On peut cependant faire de cette provoc le départ d’une réflexion sur notre pratique, en commençant par la rapprocher de Dire presque la même chose, réflexion sur la traduction proposée par Umberto Eco. Rarement titre aura aussi bien ramassé en une formule le propos d’un ouvrage. Tout est dans ce « presque », petit adverbe d’aspect insignifiant qui est pourtant toujours la mise en évidence d’une faille, d’une absence, d’une imperfection, signe et signature, en fin de compte, de notre humanité.
Je suis en effet tenu, comme traducteur, de considérer que l’œuvre dont on m’a confié la traduction est parfaite ; que mon travail pourra au mieux approcher de plus ou moins près, et dans ma langue, cette perfection absolue qui serait le propre de l’original.

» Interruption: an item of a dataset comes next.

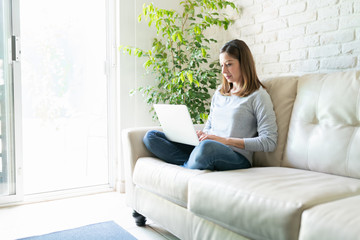 Fototapeta premium Pretty woman working from home with laptop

Pour cela, je dois « respecter » cet original, sans que personne ne soit capable de dire jusqu’où doit aller ce respect et comment je dois m’y prendre, car la notion varie au gré des conceptions que s’en font les directeurs de collection censés cornaquer les traducteurs. Or cette pétition de principe n’a aucune validité.
L’œuvre originale, en effet – et comme le sait fort bien son auteur – est imparfaite. Il a fait de son mieux, aucun doute, mais en son for intérieur, il sait très bien qu’il est loin du compte. Tout écrivain rêve d’écrire le livre parfait, le livre dans lequel il n’y aurait aucune faiblesse, aucune facilité, aucun trucage, un livre dans lequel chaque ligne serait un bonheur d’écriture – et de lecture. Cela, je le sais d’autant mieux que je suis également écrivain. J’ai beau faire le faraud quand je suis publié, il y a tout au fond de moi un petit diablotin qui ricane et me traite de faussaire, d’arnaqueur, de bidonneur – d’imposteur, comme l’avait très bien senti Jean Cocteau, puisqu’il en a même fait le titre d’un de ses romans. Ce diablotin ne m’empêche pas de dormir, mais il est bien là. Donc le traducteur est confronté à un travail grevé, en réalité, de toutes sortes d’imperfections (de tous ordres : leur analyse n’entre pas dans le cadre de cette réflexion). Mais à quoi sont-elles dues ?
Au fait que l’ouvrage – l’ouvrage dans sa langue d’origine – est déjà une traduction. Oui, une traduction. L’auteur, pour l’écrire, a en effet été obligé de traduire sa pensée.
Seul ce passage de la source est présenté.